Докладываем: Суд над бывшим командиром 44 СД Виноградовым, начальником штаба Волковым и начполитотделом Пахоменко состоялся 11 января в Важенвара под открытым небом в присутствии личного состава дивизии. Обвиняемые признали себя виновными в совершенных преступлениях…
…Приговор к расстрелу был приведен в исполнение немедленно публично взводом красноармейцев. Выявление предателей и трусов продолжается. В 44 СД работает комиссия Военсовета, на обязанности которой лежит детальное расследование всех причин и обстоятельств поражения 44 СД.
Чуйков, Мехлис.
11 января 1940 г.».
С фамилией Мехлис мы уже сталкивались в главе о репрессиях против военных. Из приведенного доклада со вздохом можно заключить: если Мехлис взялся искать в 44 СД «предателей и трусов», то он найдет их и там, где их нет.

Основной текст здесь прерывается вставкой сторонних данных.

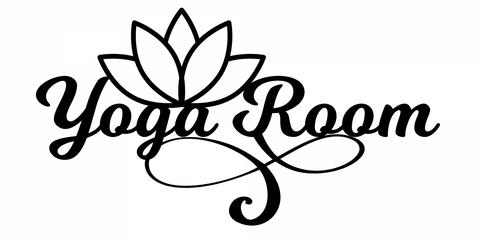yoga room/custom sign/BLACK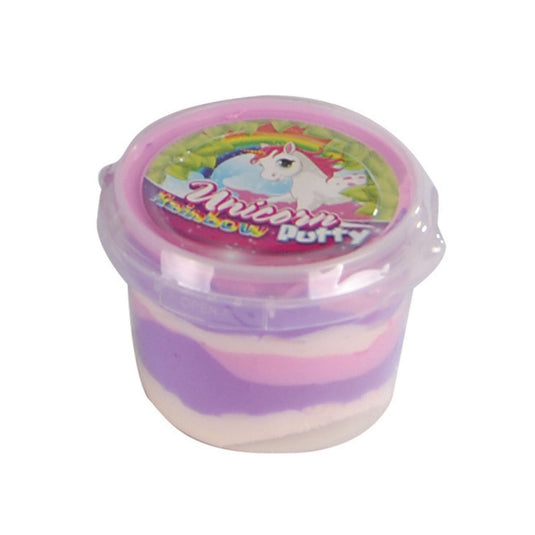 Unicorn stuiter putty regenboog eenhoorn, 110gr.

Как-то один репрессированный, но выживший в лагерях полковник времен Отечественной В. Гарников сказал в годы «оттепели»: «Мехлис нашел бы «врагов» и среди больных стариков и грудных детей, если бы ему это поручил Сталин», — тем самым подчеркнув предвзятость и безжалостность, с которой действовал верный, но недалекий прислужник вождя…
В воспоминаниях о кампании особенно много уделяется внимания финским снайперам «кукушкам», которые, если верить некоторым источникам, чуть ли не переполовинивали советские пехотные взводы. Говорят о них и простые участники боев, дожившие до начала 90-х годов. «Кукушками» называли снайперов, ведущих огонь с дерева. По самой распространенной версии «кукушки» прятались в густых вершинах сосен в специально изготовленных тонкостенных деревянных коробках с запасом патронов и сухого пайка. С помощью хитро замаскированных вдоль ствола стропов снайпер мог самостоятельно в случае опасности быстро опустить короб на снег, встать на лежавшие в коробе лыжи и скрыться от преследования. Еще говорили об удобствах, с какими обустраивались «кукушки», безжалостно и метко косившие наших бойцов десятками за день.
Финский снайпер якобы был одет в две шерстяные теплые кофты, двойные ватные штаны и толстую куртку с мехом внутри и брезентовым верхом. Брезентовый верх куртки не коробился от сырости в резкую оттепель, как наша шинель. Из продовольствия у финна было несколько плиток шоколада, пачек печенья, сушеное мясо — пеммикан, термос с горячим кофе и фляга с водой или водкой. Весь день вражина прятался в коробе на дереве, изводил наших героев, а ночью спускался и уходил на лыжах тайными тропами греться в схрон. На «кукушек», если поверить, списывали порой до трети смертей.
Но сами финны относятся к этой версии не то что скептически, а иногда с неудержимым смехом. Потому что, если вдуматься, при таком способе ведения боевых действий прячущиеся либо рядом с передовой на нейтральной территории, а то и на нашей, практически не имели шансов на отход при его обнаружении.
Ведь обнаружить снайпера смог бы любой охотник, призванный в армию. «Кукушки» неминуемо бы становились мишенями для красноармейских автоматчиков, снайперов и мастеров стрельбы из ручного пулемета. А в камикадзе финны превращаться не хотели.
Когда после 1991 года еще более расширились наши контакты с финнами по всем культурным, научным и техническим отраслям, то группа наших историков довольно долго пробыла в Финляндии, исследуя вопросы советско-финской кампании 1939–1940 годов. Историкам удалось найти немало финских ветеранов этих событий. И все они утверждали, что «кукушки» на деревьях, тем более в лютые морозы, — просто фронтовой вымысел, легенда. Сами ветераны заверяли, что в жизни не встречали ни одного фронтового побратима, который бы говорил, что в 40-градусный мороз целый день просидел на дереве.
А советские ветераны настаивают, что «кукушки» были самым страшным оружием финнов в борьбе с нашей обмороженной, вязнувшей в снегах пехотой. И, тем не менее, своего рода «кукушки» были, только… наземные. В каждом доте, как правило, среди группы защитников находился один меткий стрелок, считай — снайпер. Вот такой «соколиный глаз» и наносил урон нашей пехоте, пока та по глубоким снегам подбиралась к доту, окружала его, пока советские артиллеристы подтягивали орудия на прямую наводку, чтоб «выкуривать» противника.